Are translated texts in eTranslation equivalent to certified translations?
Usually, it is up to each Member state to certify that a translation is faithful to the original text, in the source language when the translation is provided by court-registered translators, or the translation has been commissioned by the national administration itself.
For the time being, no Member state has considered that a machine translation output, whether from eTranslation or any other machine translation, is equivalent to a human translation.
eTranslation cannot and will not replace a human translator. The platform is only intended to provide a first glimpse on the meaning of a text.
How can I retrieve performance and/or usage indicators linked to the usage of eTranslation?
Some usage indicators linked with eTranslation are made available on the following page:
https://ec.europa.eu/cefdigital/wiki/display/CEFDIGITAL/eTranslation+dashboard.
Why should I care about translations and get hold of/keep corresponding language data?
Whether you translate your material internally or outsource it, your process can benefit from the re-use of language data from previous translations in a cost-effective way while improving the quality of the output.
How should I man-age my data and why? We don’t have any infrastructures or resources (espe-cially small transla-tion services)!
In the public sector there is a great diversity in translation management: from paper-based to digitized workflows with term lists and translation memories storage. From an organizational point of view, much benefit can arise even from small changes in dealing with language data. Suggested actions can be taken without major effort, including:
- Analysis of all phases of data development.
- Based on this, creation of a “data management plan” (DMP), even a very basic one: [1] Which data is important?[2] Where is it stored? [3] Can it be further processed?
- Document all relevant data
- If possible, use the web as additional publication channel and reap the benefits of linked data (see https://www.w3.org/DesignIssues/LinkedData.html )
What is Open Data?
Open data is data that can be freely accessed, used, re-used, modified and disseminated by anyone for any purpose - maximally restricted by requirements that preserve provenance and openness. The most important characteristics of open data are: 1. Availability and access: The work shall be available as a whole, at a cost no higher than the cost of reproduction, preferably for free download on the Internet. The work should also be available in an appropriate and modifiable form. 2. Reuse and subsequent use: The data must be made available under conditions that permit reuse, subsequent use and linking with other data sets. The data shall be machine-readable. 3. Universal participation: Everyone must be able to use, reuse and subsequently use the data. There must be no discrimination against specific fields of action, persons or groups. The subsequent use may not be limited to individual areas (e.g. only in education), nor may certain types of use (e.g. for commercial purposes) be excluded.
What are Open Licences?
In general, an Open License is a license that grants permission to access, reuse, and redistribute a work with few or no restrictions. The exact permissions granted depend on the full text of the open license used. Different projects can easily require different permissions or restrictions - and there are a number of different licenses to accommodate these different uses. A list of the most common open licenses can be found on the Open Knowledge Licenses. Creative Commons licenses have evolved into an international standard for open licencing.

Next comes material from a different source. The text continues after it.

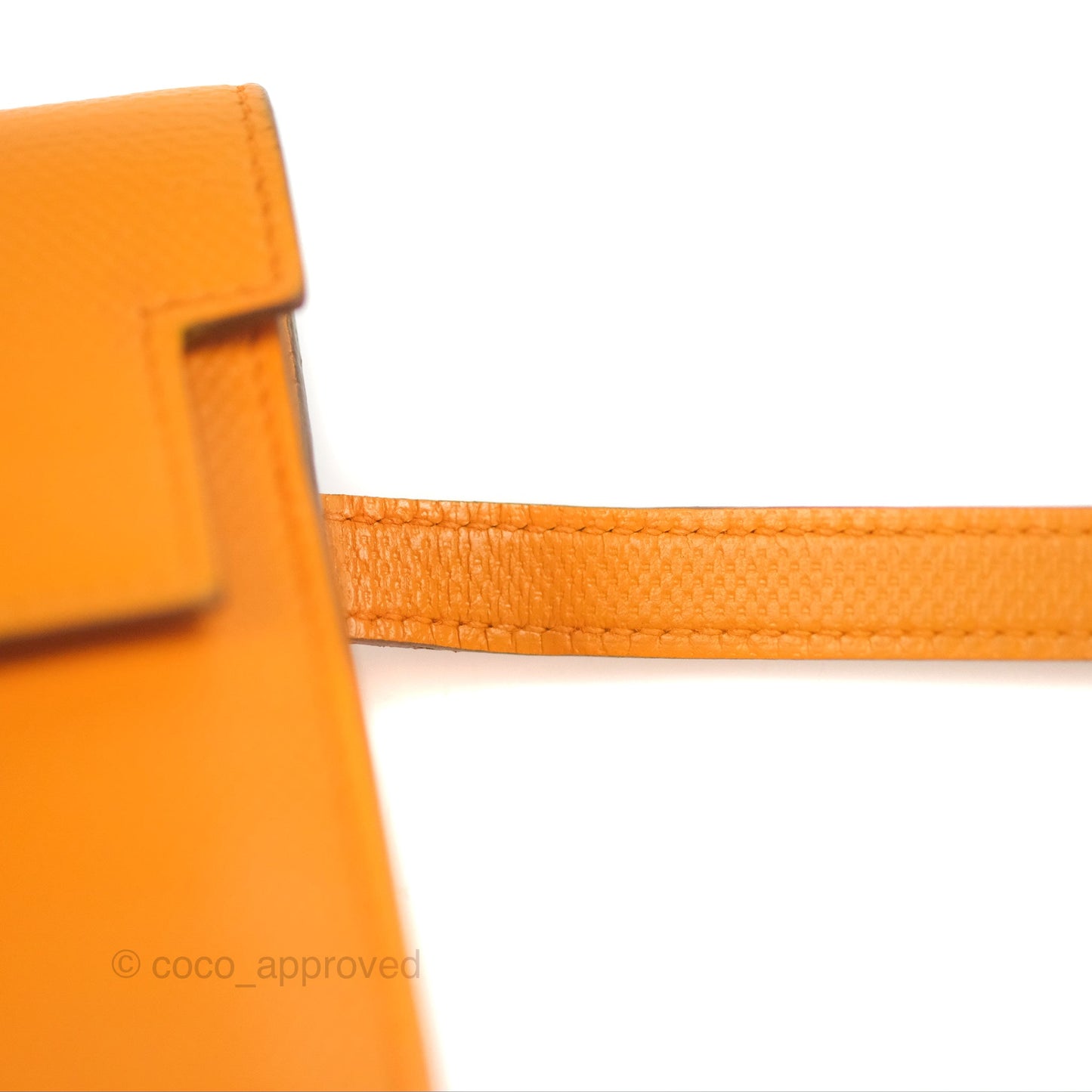 Hermès Kelly Long Wallet Jaune d'or Grain d’H Palladium Hardware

Does the share-alike requirement in CC licenses apply to translations?
The copyleft is a clause in copyrighted licenses of use that obligates the licensee to license any modification of the work under the license of the original work. The Copyleft clause is intended to prevent modified versions of the work from being distributed with restrictions on use that the original does not have. Since a translation is an adaptation, a translation must also be licensed under the license of the original work.
If I have access to a multilingual website, can I lawfully create a multilingual language resource out of it? Can I then share it under an Open License?

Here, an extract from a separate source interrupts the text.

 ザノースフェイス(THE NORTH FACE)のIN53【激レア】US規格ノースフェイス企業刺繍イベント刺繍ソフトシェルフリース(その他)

The mere fact that a website is online does not provide any information about the copyright status of its content. For the content of a multilingual website, it is therefore also required to check how the content is licensed. The legal boundaries of text and data mining (TDM) in the EU must, however, be considered separately. Unlike countries - including the US, Israel, Singapore, Taiwan and the Republic of Korea - where “fair use" can be invoked against claims of copyright infringement arising from the use of TDM techniques, or where TDM activities - as in Japan - are generally permitted and prohibited only in exceptional cases, the use of such techniques in cases of long-term intermediate storage in the EU currently will generally require the consent of the right holder. While the UK early introduced a special copyright exception for text and data mining that allows lawful access to perform text and data analysis for non-commercial research, the legal handling of TDM is still unclear in the rest of the EU. With the forthcoming copyright reform the legal framework is expected to become more concrete, whereas TDM is thought to be classified as a separate form of usage.

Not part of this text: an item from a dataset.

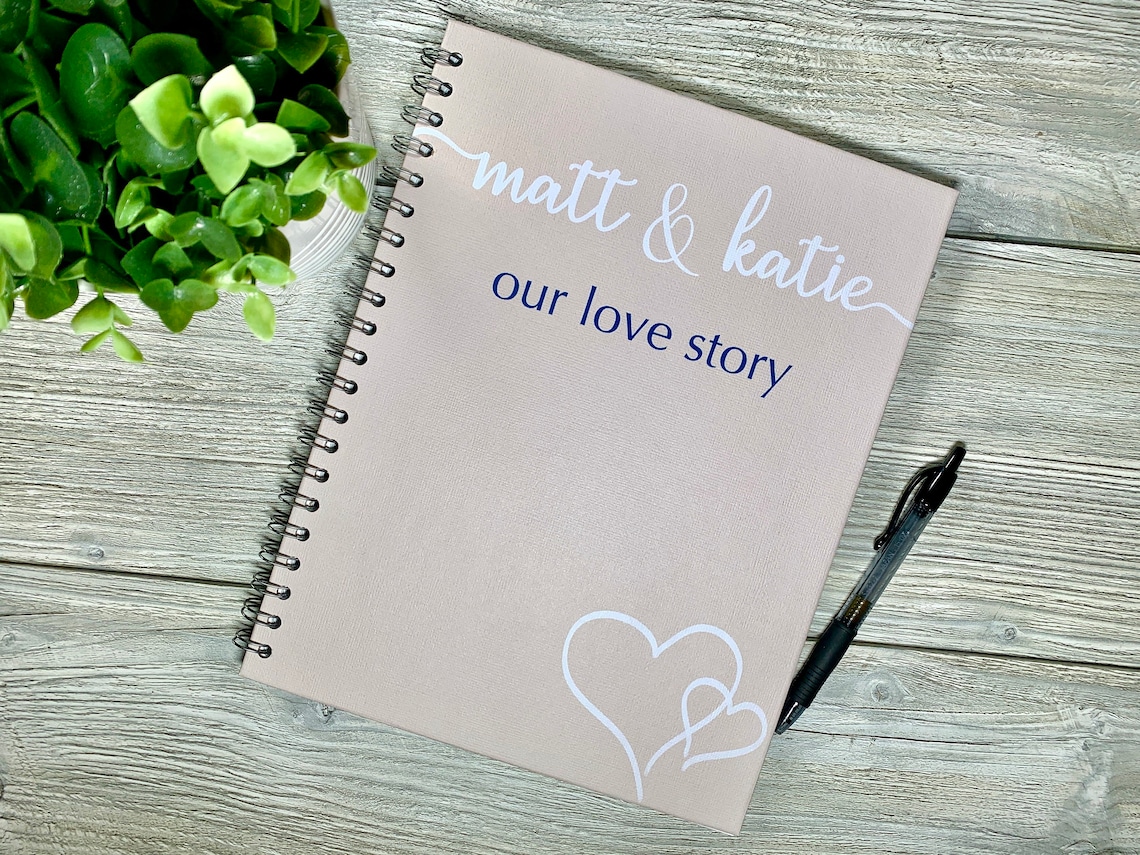 Love Story Book Couples Journal Memory Book for Dating Etsy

In some countries (e.g. in Germany), official documents are expressly excluded from copyright. Does this mean that they can be considered public domain also in countries that do not have such a limitation (e.g. in the UK)?
Within the EU, foreign and supranational official works – following the internationally applicable principle that the law of the country for which territorial protection is sought is applicable, as well as the territoriality principle – are treated according to the respective national domestic law. Also in the U.S., according to Section 105 of the Copyright Act, works of the U.S. Government are not entitled to domestic copyright protection and are therefore considered public domain in the U.S. These official documents are freely used in international practice.
How is legal information relating to a Language Resource verified in the ELRC-SHARE repository?
When a Language Resource provider submits a contribution onto the ELRC-SHARE repository, one of the requirements is that he/she certifies that he/she possesses legal documentation or title to deposit the Language Resource. In case of doubt regarding the legal status of a particular resource, a human investigation is conducted to search for any proof or documentation that ascertains the provenance and reusability of the Language Resource. A specific section dedicated to legal information assessment of Language Resources is provided in ELRC Validation Guidelines:
http://lr-coordination.eu/sites/default/files/common/Validation_guidelines_CEF-AT_v6.2_20180720.pdf
How do you ensure the quality of data made available on ELRC-SHARE repository? Is there a validation process?
ELRC has implemented an extensive validation process to ensure that the data created by the ELRC consortium in the course of the project comply with a high standard of quality and accuracy.
An extensive document detailing the validation process that should be followed by any contributor of Language Resources wishing to upload their data in the ELRC-SHARE can be found at the following address:
http://lr-coordination.eu/sites/default/files/common/Validation_guidelines_CEF-AT_v6.2_20180720.pdf
How can users identify that a Language Resource was processed by the ELRC Consortium in the ELRC-SHARE repository?
In order to create a consistent catalogue, the ELRC Consortium performed an extensive technical work on several resources available on the ELRC-SHARE repository as they were donated by third parties, Those resources can be easily identified: the tag (Processed) is affixed in the title of the Language Resource and additional metadata are available in "Created using ELRC Services" or "Resource creation" sections. Moreover, the "Relations" section shows the links between Original data and Processed data (for instance, “is aligned version of”).
Is the metadata used to describe Language Resources in the ELRC-SHARE repository available?
All registered users of ELRC-SHARE repository have the option to download the metadata of published Language Resources in JSON format. When logged in, you can click 'Export JSON metadata' button as shown here: https://www.elrc-share.eu/repository/browse/acm-news-items-2017-and-2018/93debb64175111ea913100155d026706c1d000ad1e8a43c183c6d0f6a9506013/.
In compliance with GDPR requirements, personal information such as contact details of metadata creators or contact persons are excluded from the JSON file.